Jeffrey LeSage, Americas vice chairman, tax, for KPMG, articulated the ruling’s likely profound effects: It “could turn out to be almost as significant for American businesses as the recent rewrite of the U.S. federal tax code,” he stated. “It’s a decision that reflects the realities of an increasingly digital economy.”
LeSage continued, “The impact of the court’s ruling on companies in terms of time, technology, and expense is likely going to be substantial. Businesses will now need to closely examine and retrofit their operations to determine where they have to collect tax, whether their goods are taxable, and how they are going to handle the new tax computation, filing, and remittance obligations.”

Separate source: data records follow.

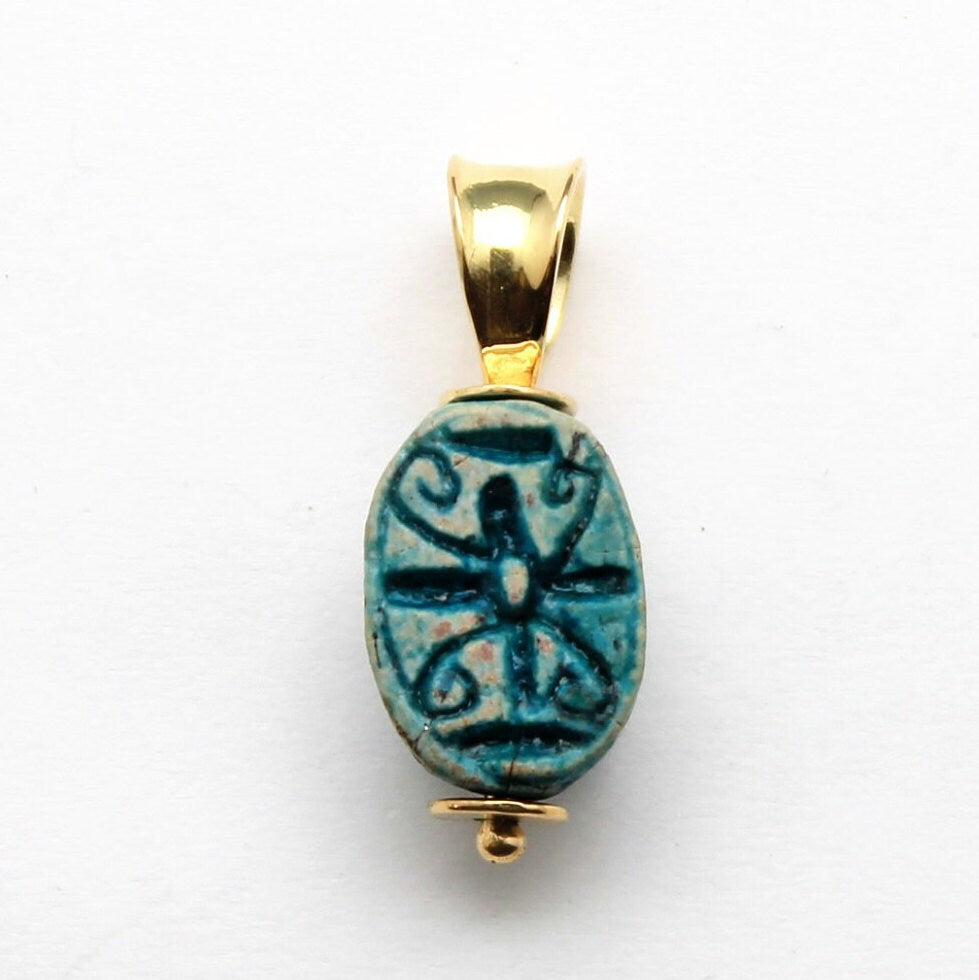 Colgante de escarabajo egipcio de oro de 18 quilates, artefacto genuin –  Erez Ancient Coin Jewelry, image size:979x980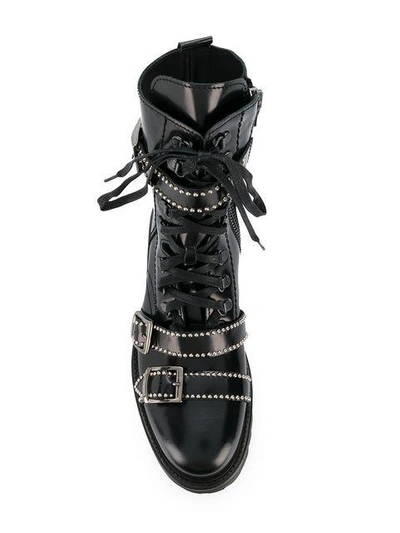 Shop Christian Pellizzari Buckled Ankle Boots In Black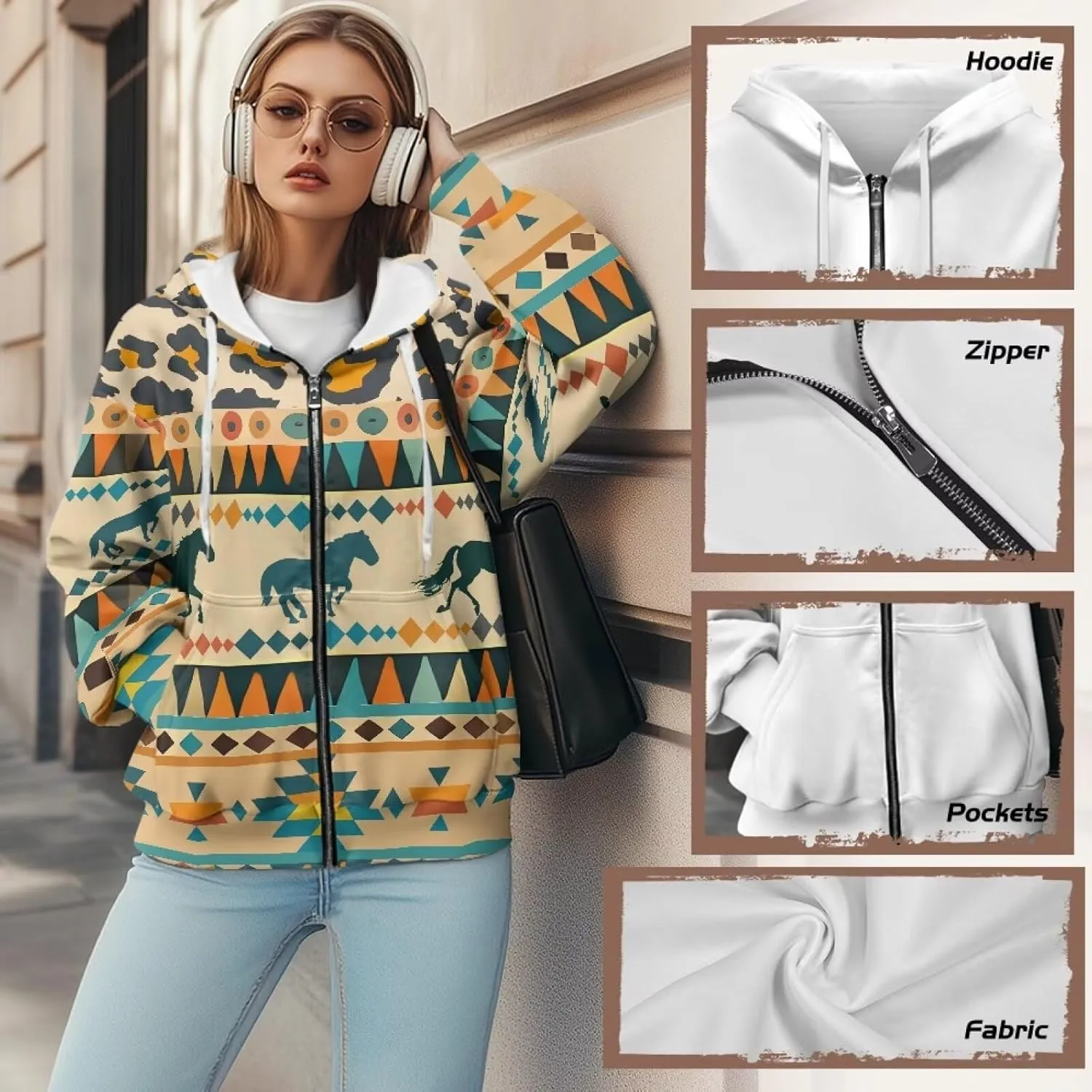 Women Oversized Hoodies Full Zip Sweatshirts Soft Hooded Jacket with Pocket Fall Winter Long Sleeve Y2K Hoodie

Eschewing a physical presence test, South Dakota and a few other states had adopted an economic threshold test for determining a retailer’s liability for collecting and remitting state sales tax.
In South Dakota, the law applies to online retailers with annual sales of $100,000 in the state or at least 200 transactions in the state. States with higher thresholds, such as Alabama and Tennessee, can keep their laws in place.
The court ruling doesn’t prevent states from adopting lower economic thresholds, but Graney says he doubts states will go in that direction.
“Most of them will say that the difference between a $100,000 threshold and, say, a $50,000 threshold is not enough to care about,” he says. “States are looking for big money from big companies.”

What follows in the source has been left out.